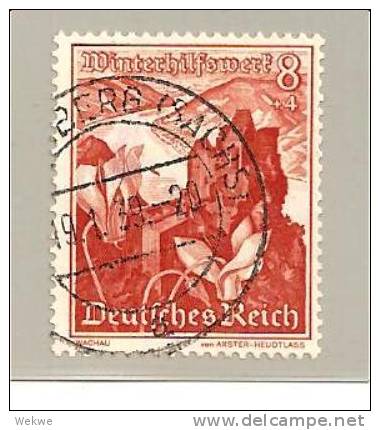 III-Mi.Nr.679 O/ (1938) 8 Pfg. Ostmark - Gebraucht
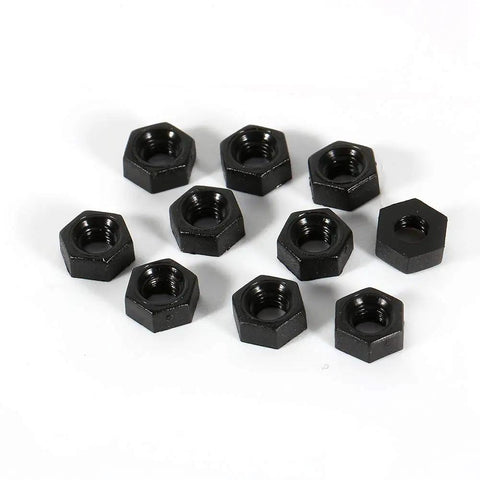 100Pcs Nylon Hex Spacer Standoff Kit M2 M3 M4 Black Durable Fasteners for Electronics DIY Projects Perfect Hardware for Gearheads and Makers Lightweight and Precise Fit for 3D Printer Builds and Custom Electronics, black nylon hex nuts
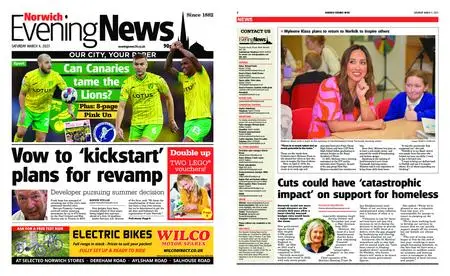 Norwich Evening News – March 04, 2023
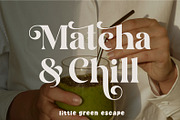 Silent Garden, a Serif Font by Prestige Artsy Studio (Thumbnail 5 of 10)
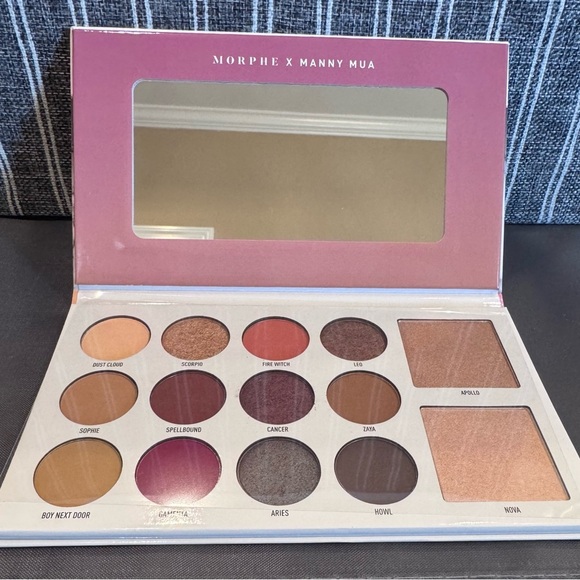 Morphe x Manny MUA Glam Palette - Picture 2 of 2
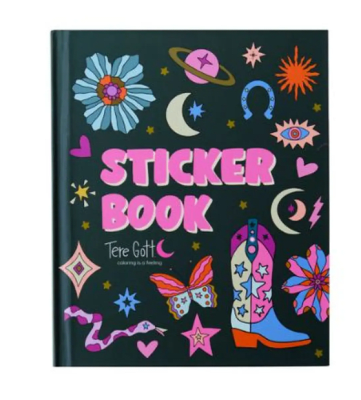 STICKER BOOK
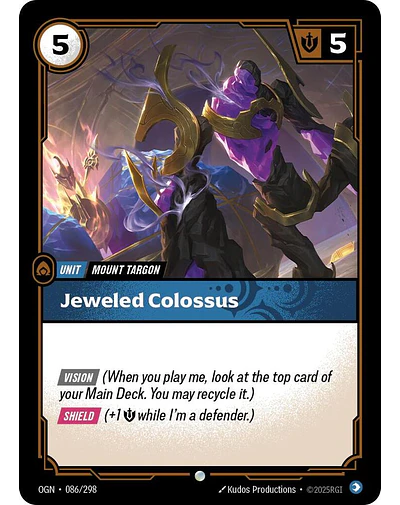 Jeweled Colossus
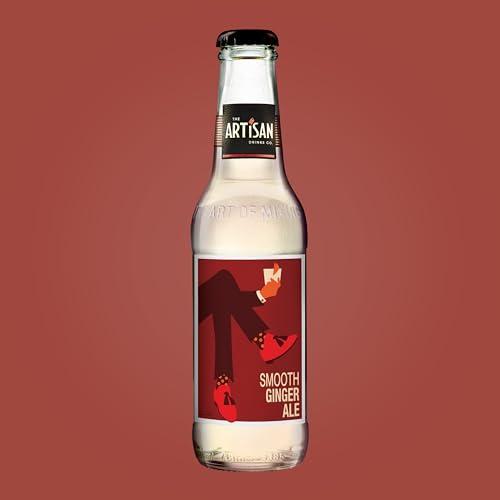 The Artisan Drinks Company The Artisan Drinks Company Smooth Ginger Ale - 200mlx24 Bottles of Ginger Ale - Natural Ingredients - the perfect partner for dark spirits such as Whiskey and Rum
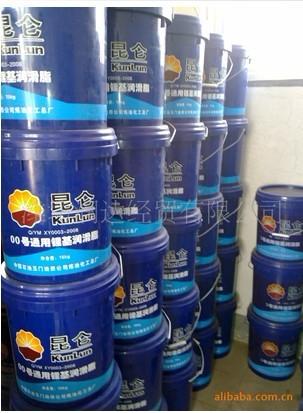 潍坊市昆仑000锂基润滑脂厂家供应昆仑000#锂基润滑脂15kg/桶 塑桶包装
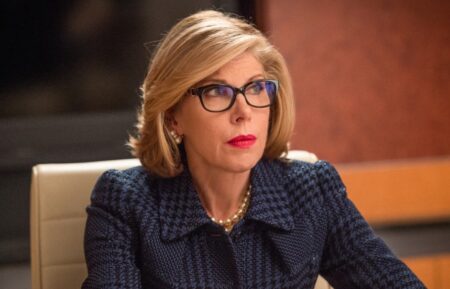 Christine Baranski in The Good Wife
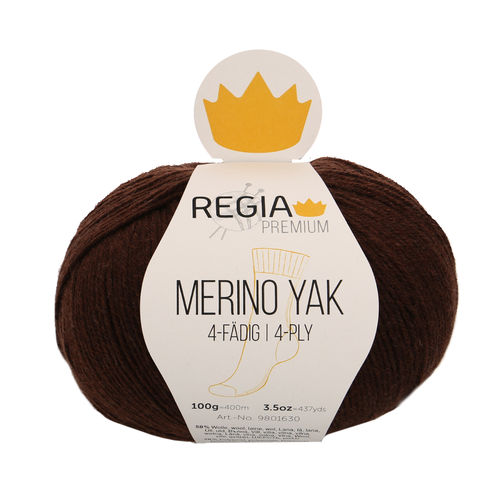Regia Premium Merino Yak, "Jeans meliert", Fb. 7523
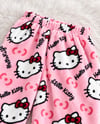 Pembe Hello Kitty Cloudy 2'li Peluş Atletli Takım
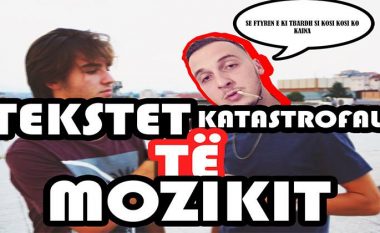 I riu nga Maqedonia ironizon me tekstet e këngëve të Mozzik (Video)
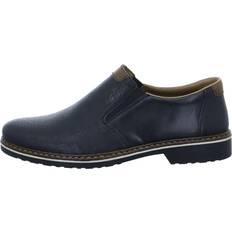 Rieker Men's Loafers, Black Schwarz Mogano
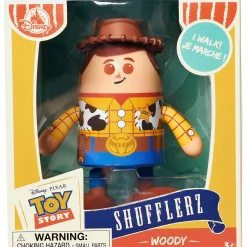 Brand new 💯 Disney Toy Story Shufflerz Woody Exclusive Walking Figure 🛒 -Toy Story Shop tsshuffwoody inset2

===

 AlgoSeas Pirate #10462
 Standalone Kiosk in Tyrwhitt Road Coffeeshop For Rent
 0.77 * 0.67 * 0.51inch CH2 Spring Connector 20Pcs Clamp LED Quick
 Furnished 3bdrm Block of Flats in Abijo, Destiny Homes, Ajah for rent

===

__PROMPT__
The lines to set down run from the line with "Silent Garden, a" up to and including the line with "I riu nga Maqedonia" in the entries above. Reproduce them exactly, with no pictures.

__RESPONSE AREA__
 Silent Garden, a Serif Font by Prestige Artsy Studio (Thumbnail 5 of 10)
 Morphe x Manny MUA Glam Palette - Picture 2 of 2
 STICKER BOOK
 Jeweled Colossus
 The Artisan Drinks Company The Artisan Drinks Company Smooth Ginger Ale - 200mlx24 Bottles of Ginger Ale - Natural Ingredients - the perfect partner for dark spirits such as Whiskey and Rum
 潍坊市昆仑000锂基润滑脂厂家供应昆仑000#锂基润滑脂15kg/桶 塑桶包装
 Christine Baranski in The Good Wife
Regia Premium Merino Yak, "Jeans meliert", Fb. 7523
 Pembe Hello Kitty Cloudy 2'li Peluş Atletli Takım
 I riu nga Maqedonia ironizon me tekstet e këngëve të Mozzik (Video)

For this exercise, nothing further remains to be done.